**TASK REQUIREMENTS:** Transcribe the listing underneath, keeping each word exact and omitting the images.

**COLLECTED MATERIAL:**
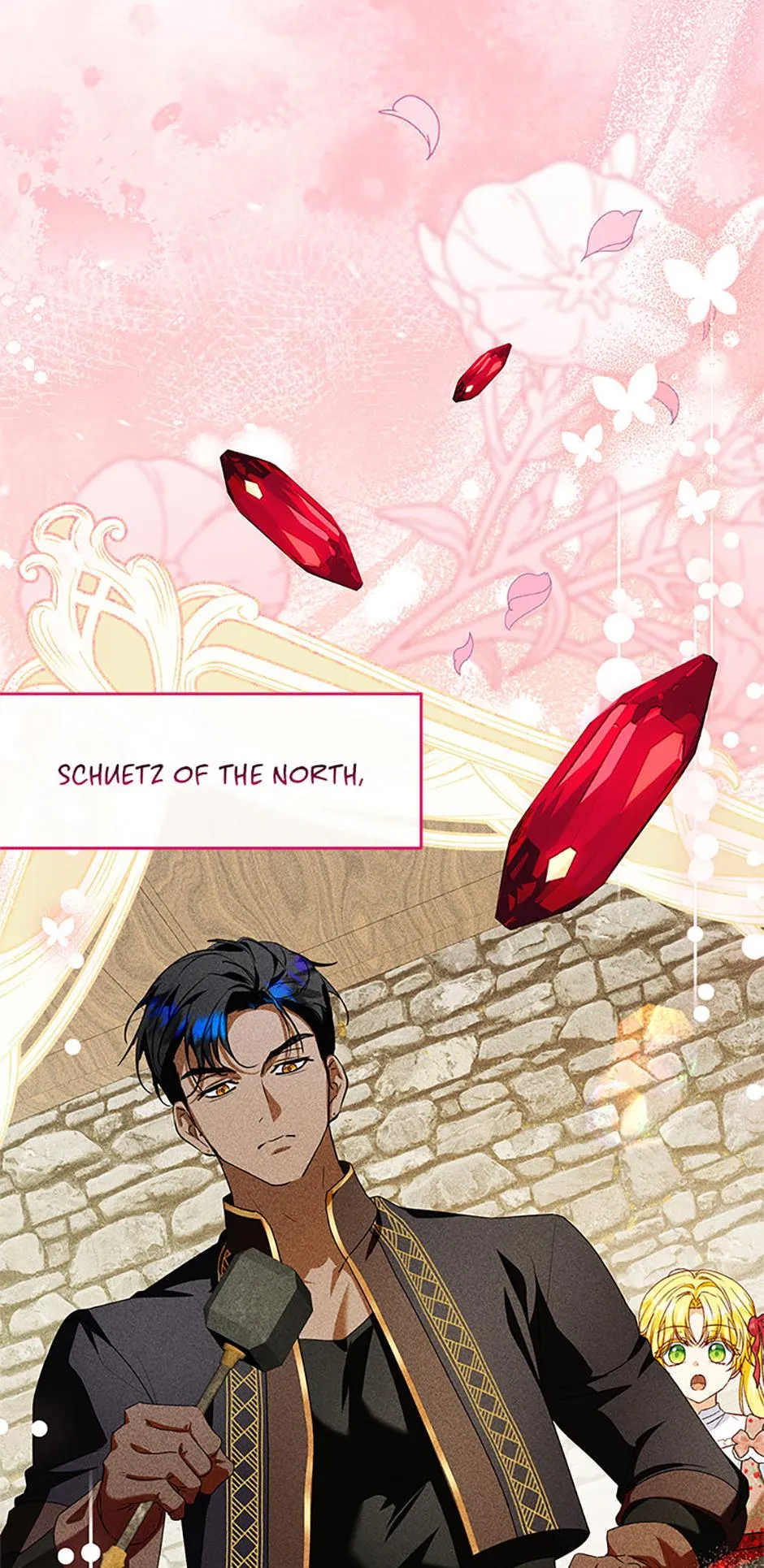I Don’t Want To Be Duke’s Adopted Daughter-in-law Chapter 111 page 77 - 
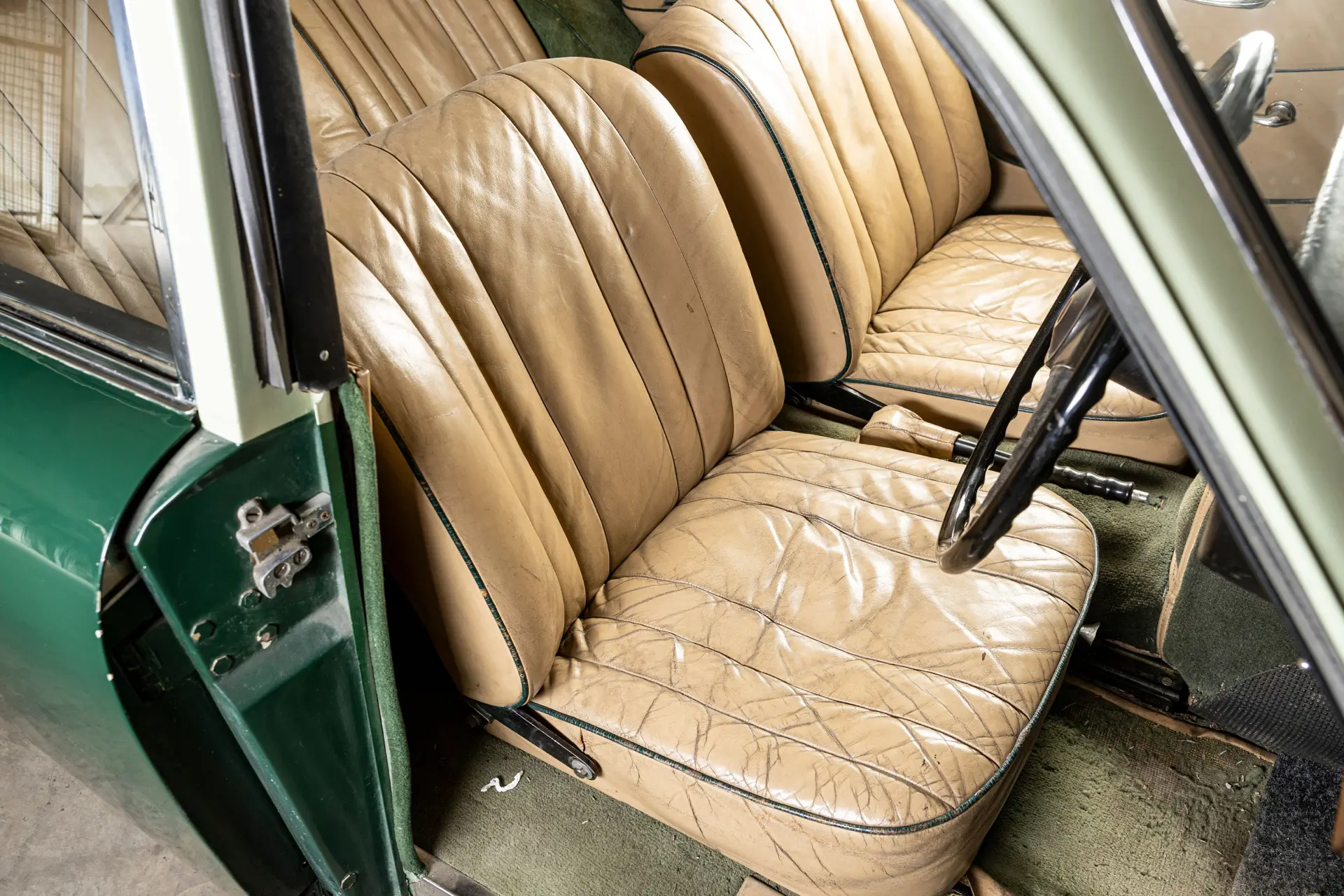 Bristol 405 Sports Saloon - 1955 -25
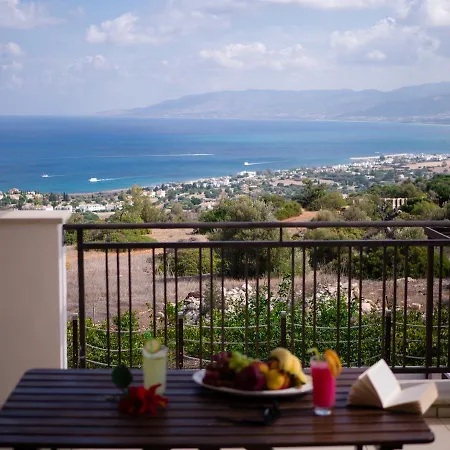 Mediterranean Blue Villa Polis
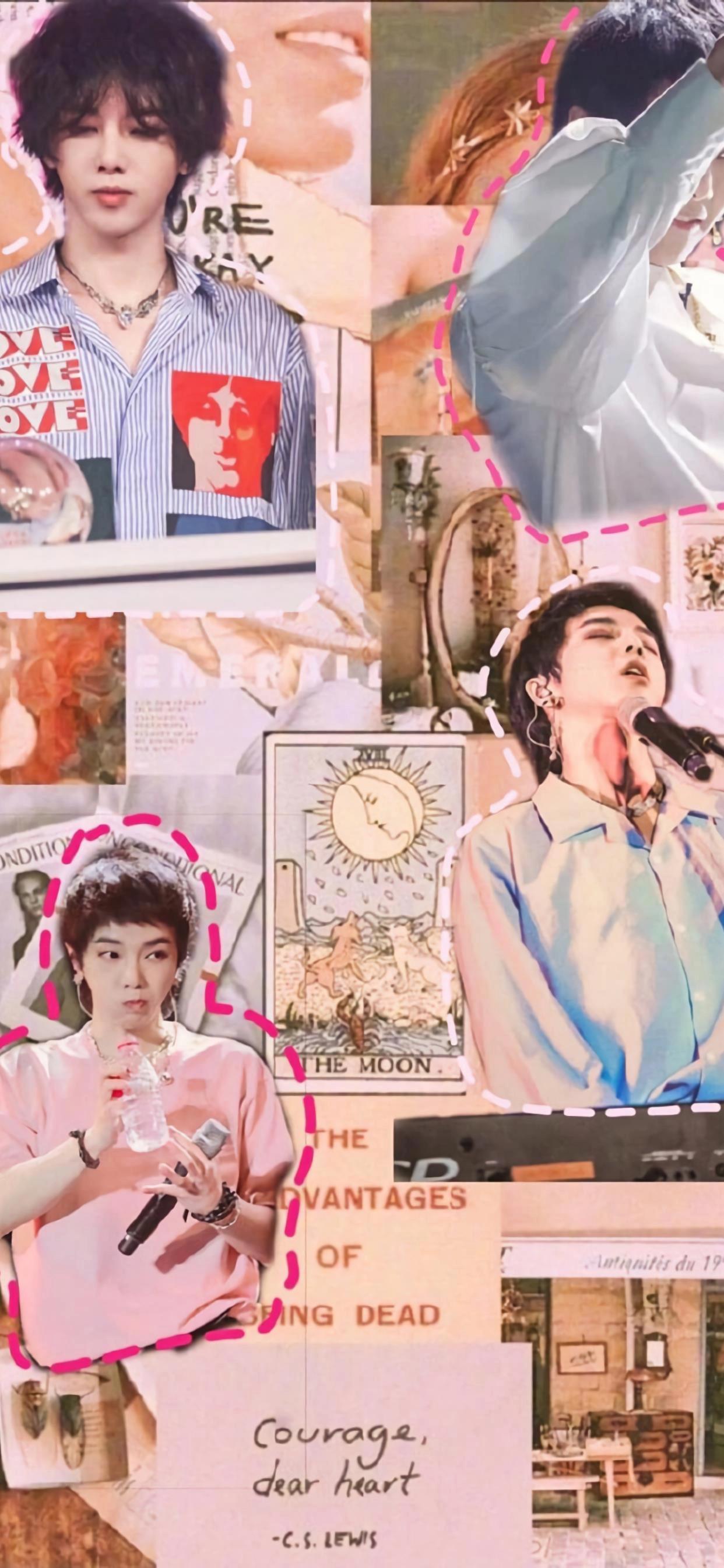 华晨宇高清壁纸最新,华晨宇高清大图壁纸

**FINISHED TASK:**
I Don’t Want To Be Duke’s Adopted Daughter-in-law Chapter 111 page 77 - 
 Bristol 405 Sports Saloon - 1955 -25
 Mediterranean Blue Villa Polis
 华晨宇高清壁纸最新,华晨宇高清大图壁纸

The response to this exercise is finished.